Bijective functions

**veileen** · March 27th 2011, 12:38 AM

A is a non-empty set. Is there a bijective function $\displaystyle f:A\mapsto A$ such that there exists $H\subset A, H\neq\varnothing$ , with $\displaystyle f(H)\subset$ H, and $g:H\mapsto H$ , $g(x)=f(x)$ , $x\in H$ is not bijective?

Well, uhm, honestly, I have no idea what to do -_- Should I try to "build" a function?

Thanks in advance.

**HallsofIvy** · March 27th 2011, 12:47 AM

You are asked whether or not there exist a bijective function that is NOT bijective on a subset. If you believe the answer is yes, the best way to show that would be to create one. If you believe the answer is no, you will have to show why that cannot happen.

**tsimaths** · March 27th 2011, 02:03 AM

Helo !
for example if $A = {\mathbb R}$ is the real numbers set and $f(x)=x^3$ and $H=[\frac 12 ,1]$ ....

**DrSteve** · March 27th 2011, 03:55 AM

tsimaths, I don't think that example quite works. f(1/2) = 1/8 which is not in H. I think we can fix this by making H=[0,1/2].

**veileen** · March 27th 2011, 04:17 AM

O.O Those examples are useless. "You are asked whether or not there exist a bijective function that is NOT bijective on a subset." Better now?
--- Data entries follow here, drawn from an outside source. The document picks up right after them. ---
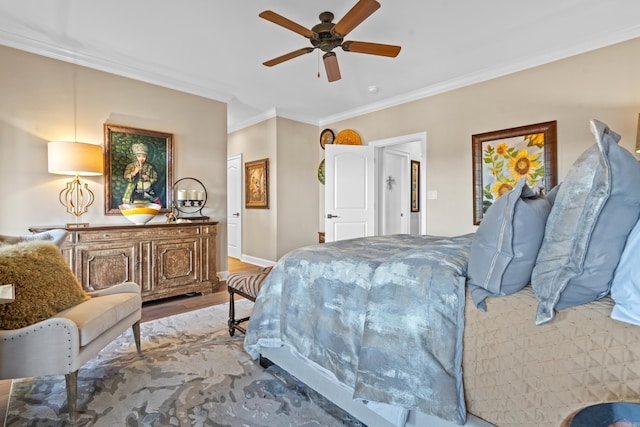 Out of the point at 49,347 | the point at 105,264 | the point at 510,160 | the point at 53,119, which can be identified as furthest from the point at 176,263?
the point at 510,160

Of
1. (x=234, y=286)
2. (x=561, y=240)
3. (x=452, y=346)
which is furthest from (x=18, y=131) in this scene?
(x=561, y=240)

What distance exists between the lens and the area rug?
60.3 inches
We (I) suppose there is (not) a function g which is not bijective, then:

Let $x_{1}, x_{2}\in H$ , with $g(x_{1})=g(x_{2})\Leftrightarrow f(x_{1})=f(x_{2}), x_{1}, x_{2}\in H, H\subset A$ , f - injective $\Rightarrow x_{1}=x_{2} \Rightarrow$ g - injective
g is not bijective $\Rightarrow$ g is (not) surjective

And here I stopped.

**DrSteve** · March 27th 2011, 06:16 AM

If $f(x) = x^3$ , then $f([0,1/2])=[0,1/8].$ Thus the restriction of $f$ to $H=[0, 1/2]$ is not a bijection form H to itself.

**veileen** · March 27th 2011, 06:44 AM

Meow

You're right; I wasn't attentive, I'm sorry ^^'

Thank you.

**topspin1617** · March 27th 2011, 01:46 PM

This example may be easier:

Let $f:\mathbb{Z}\rightarrow\mathbb{Z}$ be given by $f(a)=a+1$ . This function is definitely a bijection.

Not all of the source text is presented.